Source data |

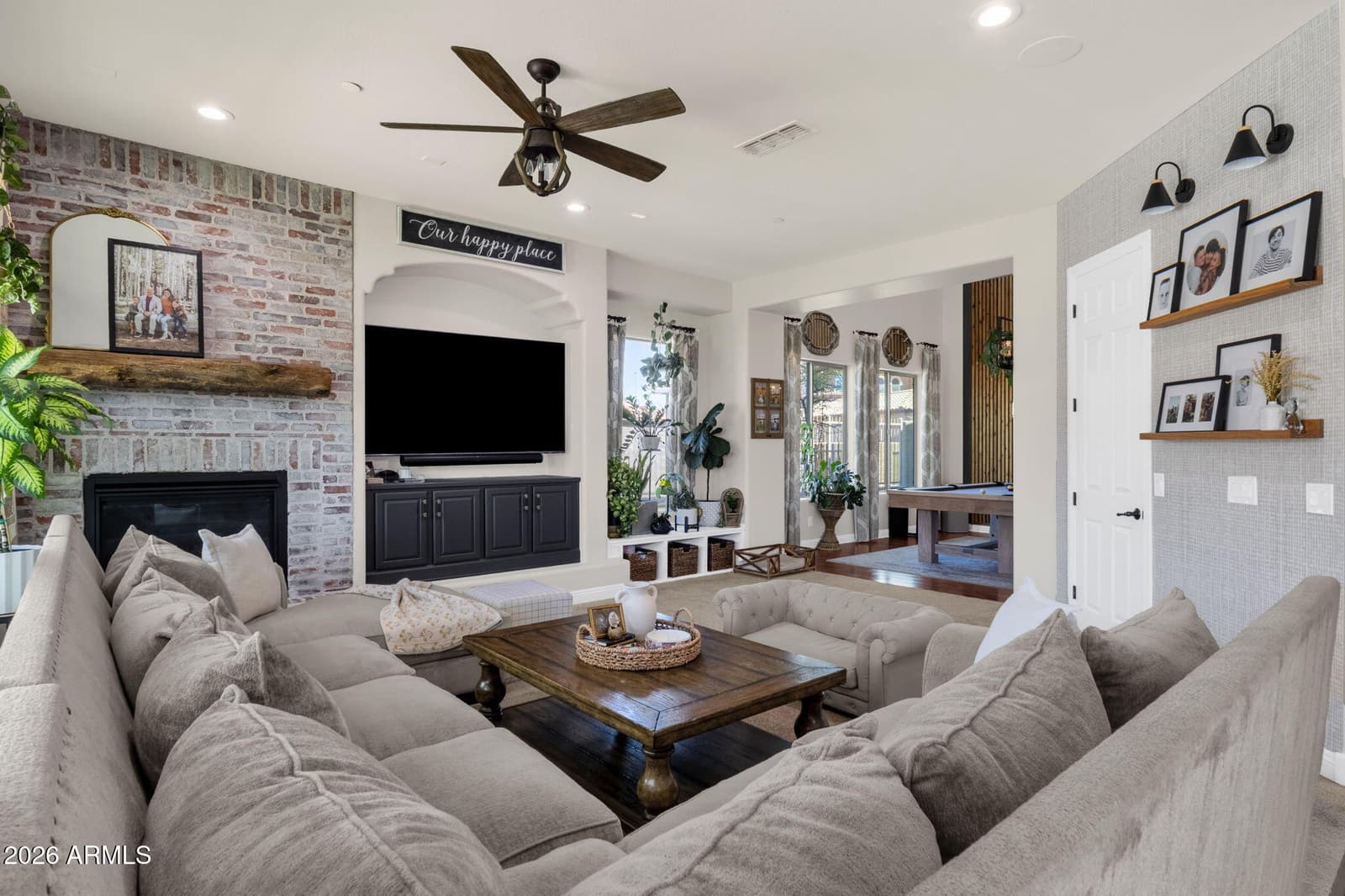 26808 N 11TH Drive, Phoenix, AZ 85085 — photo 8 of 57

* * *

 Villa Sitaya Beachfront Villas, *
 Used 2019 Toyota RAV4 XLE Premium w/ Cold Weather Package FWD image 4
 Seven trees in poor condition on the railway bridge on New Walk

==

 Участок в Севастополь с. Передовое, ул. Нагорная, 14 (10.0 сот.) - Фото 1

What you need to do | What you return should be exactly the lines above, starting at the one with "Villa Sitaya Beachfront Villas, *" and ending at the one with "Seven trees in", and nothing else.

Answer section |
 Villa Sitaya Beachfront Villas, *
 Used 2019 Toyota RAV4 XLE Premium w/ Cold Weather Package FWD image 4
 Seven trees in poor condition on the railway bridge on New Walk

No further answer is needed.